The heavy burden of showing that this tax was unreasonable rested on Ridley Arms. See, Amidon v. Kane, 444 Pa. 38, 51, 279 A.2d 53, 60 (1971). To show this, Ridley Arms presented the testimony of the building owner and of an expert, a sanitary engineer. A review of this testimony indicates that the expert testified to a great extent about the sanitary implications of the Township’s refuse collection, but testified very little about the costs. The testimony concerning costs by the expert consisted mainly of his bald conclusion that the Township’s charges were unreasonable, and his opinion that its method of determining the price of refuse collection services was not equitable.

On this record, all that has been shown by Ridley Arms is that it cost more to pay the Township for refuse collection than to pay a private collector. To say that the tax is unreasonable solely for this reason is naive, for the Township, as a government, has other considerations associated with providing services that a private entrepreneur does not have — such as costs associated with bidding requirements and providing service to the entire community at a reasonable price.

Comparing costs encountered by the Township to those of a private contractor does not logically compel a finding of unreasonableness. In order to show the Township’s costs were unreasonable, Ridley Arms should have been required to show that the rates charged exceeded the Township’s costs. The record is void of such a showing and does not persuasively show that amounts charged by the Township were excessive. In fact, contrary to the tenor of the majority’s opinion, which would lead one to believe otherwise, the record in this case shows that the Township *553suffered losses each year in providing refuse collection to the community. For example, in 1979 the Township collected revenues for refuse collection in the amount of $493,-118.00, but the cost of providing the service was $643,087.00 —a deficit of $149,969.00. R., Exhibit “H”. The deficits in other years were not as great, but significant.

Finally, the majority’s solution to this dilemma is overly broad. Under their approach, any time a taxpayer could obtain services through the private sector at a lower price than that at which the municipality provided the services, he could challenge the tax as being unreasonable and prevail.
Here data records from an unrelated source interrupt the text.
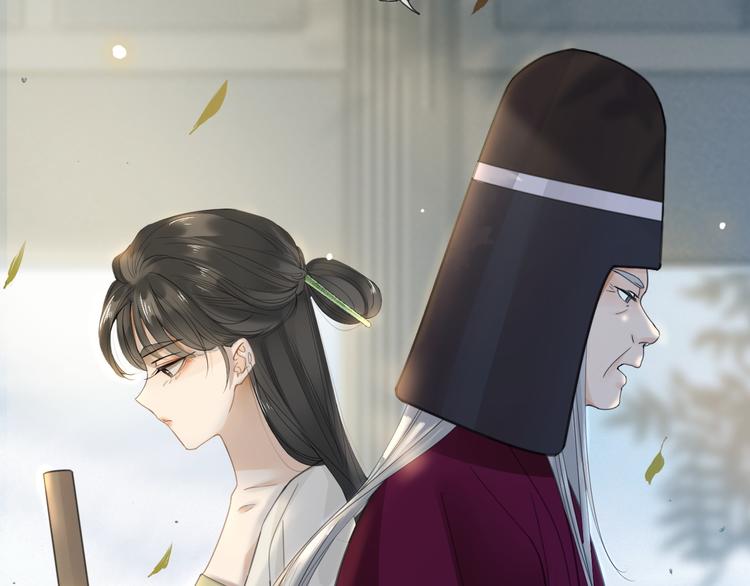第3话 银烛宫46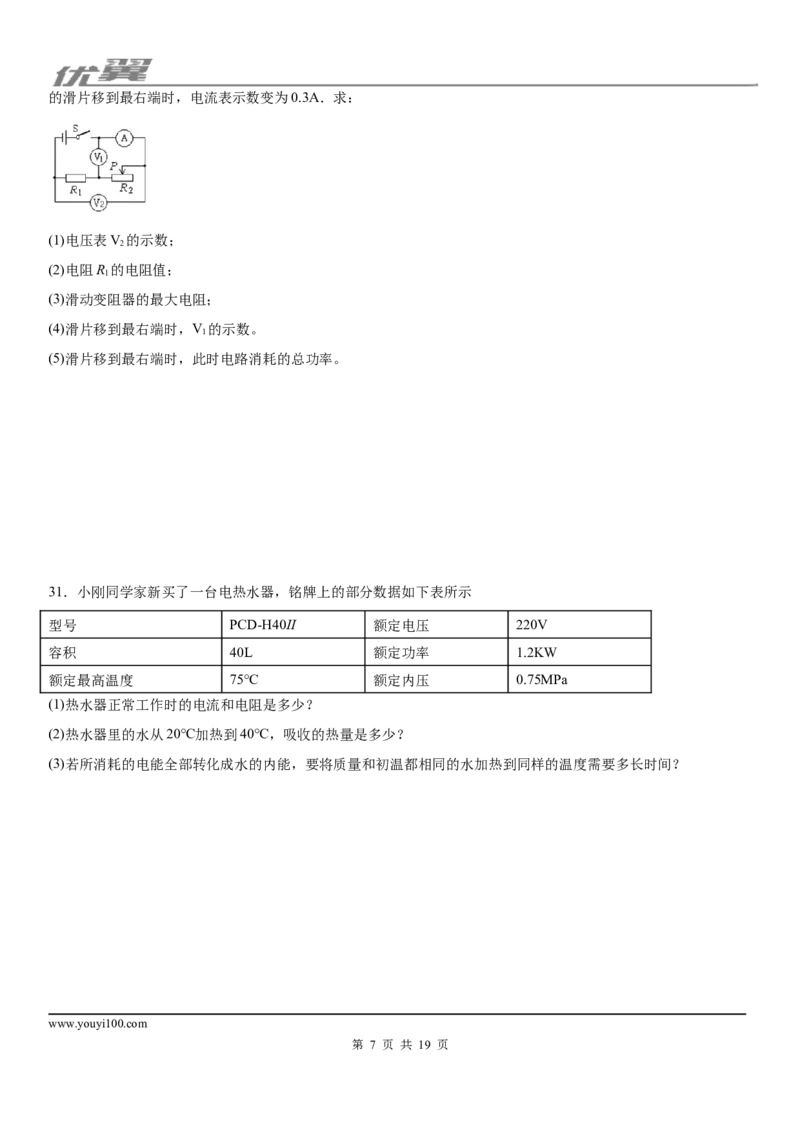 2019-2020学年九年级（上)湖南省耒阳市期末教学质量检测物理试题_1、初中学习资料_4-4、物理_4-4-5、初三物理全册_2024更新_物理9年级全：2020年试题资料_2020年各地月考、期中、模拟真卷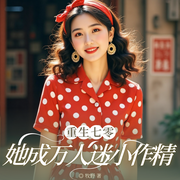 重生七零养鱼手册：她成万人迷小作精|现言|重生|团宠--喜马拉雅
In the instant case, it would allow the homeowners who also paid the rate to mount this same challenge and be successful. The majority’s analysis would also allow a person whose child attended private school for less money than the school district taxed for public schools to challenge the tax as being unreasonable, thereby exempting himself from the tax and perhaps establishing a right to a tax refund.

The problem of refuse disposal is a municipal problem and calls for a municipal solution. By analyzing this case in a manner dealing only with the individualized impact of taxes and costs of one building, the majority has ignored this fact and set an overly broad precedent which will seriously impede the ability of municipal corporations to provide services such as refuse collection at reasonable costs to everyone in the community.